Background and objective: ibuprofen is rapidly emerging as a new promising drug for treatment of patent ductus arteriosus in preterm infants with possibly less renal side effects as compared to indomethacin. Our aim was to investigate possible changes in pharmacokinetic parameters of ibuprofen in preterm infants with patent ductus arteriosus.

Patients and methods: pharmacokinetics were investigated on day 3 and day 5 in 10 preterm infants (GA: 28.4 ± 1.7 wks, BW: 1120± 410 g, mean ± SD) after a 15-minute i.v. ibuprofen infusion(10-5-5 mg/kg) on 3 consecutive days. Serum concentrations were determined by HPLC-assay.

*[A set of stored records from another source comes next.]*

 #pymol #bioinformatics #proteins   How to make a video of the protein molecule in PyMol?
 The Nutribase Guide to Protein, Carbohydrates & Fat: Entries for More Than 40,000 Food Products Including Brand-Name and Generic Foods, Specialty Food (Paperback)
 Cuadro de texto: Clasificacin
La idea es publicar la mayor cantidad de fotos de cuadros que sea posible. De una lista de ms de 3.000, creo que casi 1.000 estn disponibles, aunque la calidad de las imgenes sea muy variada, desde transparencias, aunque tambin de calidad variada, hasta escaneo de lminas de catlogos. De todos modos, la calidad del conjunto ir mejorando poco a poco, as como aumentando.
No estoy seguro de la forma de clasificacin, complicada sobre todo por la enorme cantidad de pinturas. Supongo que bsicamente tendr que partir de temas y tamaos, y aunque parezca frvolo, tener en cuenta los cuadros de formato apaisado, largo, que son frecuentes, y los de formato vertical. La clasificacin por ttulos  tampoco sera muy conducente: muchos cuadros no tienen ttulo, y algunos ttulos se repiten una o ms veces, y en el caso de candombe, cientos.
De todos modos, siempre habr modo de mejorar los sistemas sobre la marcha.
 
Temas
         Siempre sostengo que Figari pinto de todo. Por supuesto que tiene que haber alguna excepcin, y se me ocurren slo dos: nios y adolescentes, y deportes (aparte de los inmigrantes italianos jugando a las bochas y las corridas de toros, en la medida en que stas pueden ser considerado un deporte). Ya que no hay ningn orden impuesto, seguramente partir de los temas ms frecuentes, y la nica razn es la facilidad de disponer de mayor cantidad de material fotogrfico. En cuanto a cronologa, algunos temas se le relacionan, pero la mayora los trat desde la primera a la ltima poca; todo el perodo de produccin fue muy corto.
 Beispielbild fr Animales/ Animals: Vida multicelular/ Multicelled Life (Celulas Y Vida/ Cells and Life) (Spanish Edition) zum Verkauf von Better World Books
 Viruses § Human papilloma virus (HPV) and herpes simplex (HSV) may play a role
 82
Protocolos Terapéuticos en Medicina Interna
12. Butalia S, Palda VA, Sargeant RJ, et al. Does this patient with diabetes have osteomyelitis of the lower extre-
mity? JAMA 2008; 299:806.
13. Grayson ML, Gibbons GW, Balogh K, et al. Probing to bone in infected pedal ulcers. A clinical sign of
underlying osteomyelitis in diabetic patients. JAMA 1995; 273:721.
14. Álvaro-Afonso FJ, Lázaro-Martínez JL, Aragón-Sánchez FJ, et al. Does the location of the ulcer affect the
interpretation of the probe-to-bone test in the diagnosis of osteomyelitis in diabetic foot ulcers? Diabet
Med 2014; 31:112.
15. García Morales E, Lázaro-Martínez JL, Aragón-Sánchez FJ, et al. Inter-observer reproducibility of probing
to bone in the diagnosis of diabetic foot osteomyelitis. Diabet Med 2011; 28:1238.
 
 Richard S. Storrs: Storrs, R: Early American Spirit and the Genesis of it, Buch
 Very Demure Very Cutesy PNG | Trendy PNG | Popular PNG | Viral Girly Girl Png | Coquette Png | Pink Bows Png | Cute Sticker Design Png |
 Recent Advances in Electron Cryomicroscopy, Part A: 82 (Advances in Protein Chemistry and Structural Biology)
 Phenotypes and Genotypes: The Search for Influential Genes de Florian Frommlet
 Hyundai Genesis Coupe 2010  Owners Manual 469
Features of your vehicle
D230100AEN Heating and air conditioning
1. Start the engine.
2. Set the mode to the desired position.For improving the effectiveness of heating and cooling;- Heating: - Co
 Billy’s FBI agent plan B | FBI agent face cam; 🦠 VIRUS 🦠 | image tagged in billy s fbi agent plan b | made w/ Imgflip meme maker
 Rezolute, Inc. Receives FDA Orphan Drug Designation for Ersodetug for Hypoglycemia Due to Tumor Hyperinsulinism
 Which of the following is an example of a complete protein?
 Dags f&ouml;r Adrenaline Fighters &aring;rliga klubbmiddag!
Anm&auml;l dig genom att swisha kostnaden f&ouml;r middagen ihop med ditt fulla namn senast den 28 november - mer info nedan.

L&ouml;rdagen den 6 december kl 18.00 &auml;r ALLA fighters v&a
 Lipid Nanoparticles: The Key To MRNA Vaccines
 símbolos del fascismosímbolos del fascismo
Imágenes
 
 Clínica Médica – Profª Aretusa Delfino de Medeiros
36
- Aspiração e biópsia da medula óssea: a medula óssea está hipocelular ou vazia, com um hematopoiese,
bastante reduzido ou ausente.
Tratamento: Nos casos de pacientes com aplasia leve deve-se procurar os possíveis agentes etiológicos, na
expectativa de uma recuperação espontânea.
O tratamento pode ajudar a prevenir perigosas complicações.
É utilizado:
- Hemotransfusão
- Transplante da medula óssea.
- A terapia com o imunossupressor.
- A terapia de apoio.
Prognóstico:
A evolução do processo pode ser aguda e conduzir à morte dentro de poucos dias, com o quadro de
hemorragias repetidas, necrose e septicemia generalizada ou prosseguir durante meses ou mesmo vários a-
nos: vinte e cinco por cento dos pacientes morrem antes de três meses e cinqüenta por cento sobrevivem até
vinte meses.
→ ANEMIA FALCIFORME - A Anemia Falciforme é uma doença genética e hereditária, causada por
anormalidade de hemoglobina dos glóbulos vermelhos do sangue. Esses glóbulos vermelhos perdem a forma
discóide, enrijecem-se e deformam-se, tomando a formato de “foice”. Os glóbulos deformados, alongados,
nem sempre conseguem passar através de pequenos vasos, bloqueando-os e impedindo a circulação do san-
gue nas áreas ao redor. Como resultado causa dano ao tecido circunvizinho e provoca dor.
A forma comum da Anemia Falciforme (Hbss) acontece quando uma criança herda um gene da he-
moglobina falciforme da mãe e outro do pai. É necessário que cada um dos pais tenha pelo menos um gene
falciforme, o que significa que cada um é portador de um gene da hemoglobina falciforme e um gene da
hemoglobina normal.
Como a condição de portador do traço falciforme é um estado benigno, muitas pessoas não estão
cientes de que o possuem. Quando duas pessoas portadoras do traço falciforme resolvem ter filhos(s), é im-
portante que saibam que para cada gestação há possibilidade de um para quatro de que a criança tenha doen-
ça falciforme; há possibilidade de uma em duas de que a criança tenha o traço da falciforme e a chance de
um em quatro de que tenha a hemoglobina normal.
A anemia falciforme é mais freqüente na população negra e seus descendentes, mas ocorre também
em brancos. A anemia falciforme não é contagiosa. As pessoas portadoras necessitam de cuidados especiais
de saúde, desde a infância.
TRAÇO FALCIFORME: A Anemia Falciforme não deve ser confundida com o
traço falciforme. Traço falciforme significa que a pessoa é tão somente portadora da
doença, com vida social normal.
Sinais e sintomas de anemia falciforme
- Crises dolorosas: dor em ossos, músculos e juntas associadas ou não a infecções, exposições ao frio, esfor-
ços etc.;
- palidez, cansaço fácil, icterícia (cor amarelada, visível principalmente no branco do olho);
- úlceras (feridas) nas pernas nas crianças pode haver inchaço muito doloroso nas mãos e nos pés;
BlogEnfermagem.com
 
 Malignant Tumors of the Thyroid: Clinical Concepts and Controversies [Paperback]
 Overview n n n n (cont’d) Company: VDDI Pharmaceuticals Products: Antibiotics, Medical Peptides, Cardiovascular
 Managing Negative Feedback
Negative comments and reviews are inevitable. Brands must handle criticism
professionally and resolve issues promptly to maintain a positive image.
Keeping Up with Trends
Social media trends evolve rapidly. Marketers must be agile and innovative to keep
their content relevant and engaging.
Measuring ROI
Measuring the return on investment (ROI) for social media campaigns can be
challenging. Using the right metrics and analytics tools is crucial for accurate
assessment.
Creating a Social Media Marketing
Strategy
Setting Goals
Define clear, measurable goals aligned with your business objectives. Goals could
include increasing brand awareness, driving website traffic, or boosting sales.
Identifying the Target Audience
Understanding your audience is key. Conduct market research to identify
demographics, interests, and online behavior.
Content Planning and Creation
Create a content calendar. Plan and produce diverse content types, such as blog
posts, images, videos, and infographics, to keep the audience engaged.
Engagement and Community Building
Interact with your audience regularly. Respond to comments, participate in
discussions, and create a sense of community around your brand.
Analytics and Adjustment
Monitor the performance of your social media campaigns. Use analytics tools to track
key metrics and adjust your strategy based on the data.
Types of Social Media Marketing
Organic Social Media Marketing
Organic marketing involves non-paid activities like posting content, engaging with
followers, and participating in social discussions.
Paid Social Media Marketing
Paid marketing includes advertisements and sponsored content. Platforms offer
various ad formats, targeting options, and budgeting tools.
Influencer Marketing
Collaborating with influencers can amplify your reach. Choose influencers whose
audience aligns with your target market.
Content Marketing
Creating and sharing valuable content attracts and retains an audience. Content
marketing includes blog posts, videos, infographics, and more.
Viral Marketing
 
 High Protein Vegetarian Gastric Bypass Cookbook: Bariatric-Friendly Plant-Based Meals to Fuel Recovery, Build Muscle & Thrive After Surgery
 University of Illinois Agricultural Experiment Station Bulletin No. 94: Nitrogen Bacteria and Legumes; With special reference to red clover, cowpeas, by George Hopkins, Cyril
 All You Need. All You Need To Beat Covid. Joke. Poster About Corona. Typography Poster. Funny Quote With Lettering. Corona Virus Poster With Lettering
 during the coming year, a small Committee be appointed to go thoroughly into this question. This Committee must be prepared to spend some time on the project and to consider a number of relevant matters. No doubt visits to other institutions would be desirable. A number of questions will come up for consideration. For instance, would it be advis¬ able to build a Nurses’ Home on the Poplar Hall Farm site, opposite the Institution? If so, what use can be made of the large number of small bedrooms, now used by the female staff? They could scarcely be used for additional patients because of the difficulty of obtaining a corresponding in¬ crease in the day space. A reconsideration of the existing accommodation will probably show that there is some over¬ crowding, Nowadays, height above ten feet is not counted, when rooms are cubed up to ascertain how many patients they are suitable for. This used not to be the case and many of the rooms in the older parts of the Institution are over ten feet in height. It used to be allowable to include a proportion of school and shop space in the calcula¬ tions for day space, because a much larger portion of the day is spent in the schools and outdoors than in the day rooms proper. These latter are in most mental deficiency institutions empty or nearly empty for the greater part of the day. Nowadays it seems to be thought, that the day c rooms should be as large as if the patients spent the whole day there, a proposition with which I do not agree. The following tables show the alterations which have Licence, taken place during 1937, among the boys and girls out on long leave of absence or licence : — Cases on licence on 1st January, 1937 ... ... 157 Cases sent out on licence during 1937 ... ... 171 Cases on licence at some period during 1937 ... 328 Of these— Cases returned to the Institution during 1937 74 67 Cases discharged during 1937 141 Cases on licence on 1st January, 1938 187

Results: ibuprofen pharmacokinetics followed a two-compartment open model Peak serum concentrations 1hr after the first and third infusion were 35.6 ± 10.1 and 31.0 ± 10.3 mg/L. Total body clearance (8.7± 5.6 vs 13.8 ± 8.1 mL/hr, p<0.05) and elimination rate constant (0.043 ± 0.028 vs 0.082 ± 0.037, p<0.05) increased significantly, whereas the apparent volume of distribution (0.23 ± 0.14 vs 0.16 ± 0.03 L/kg) and the serum half life (22.1 ± 11.4 vs 11.5 ± 9.2 hr, p<0.05) decreased between day 3 and day 5 after birth during ibuprofen treatment (paired t-test).

Conclusion: these results are a new observation and indicate that the pharmacokinetics of ibuprofen show significant changes between day 3 and day 5 after birth in preterm infants with patent ductus arteriosus, caused by ibuprofen treatment and/or closure of the duct.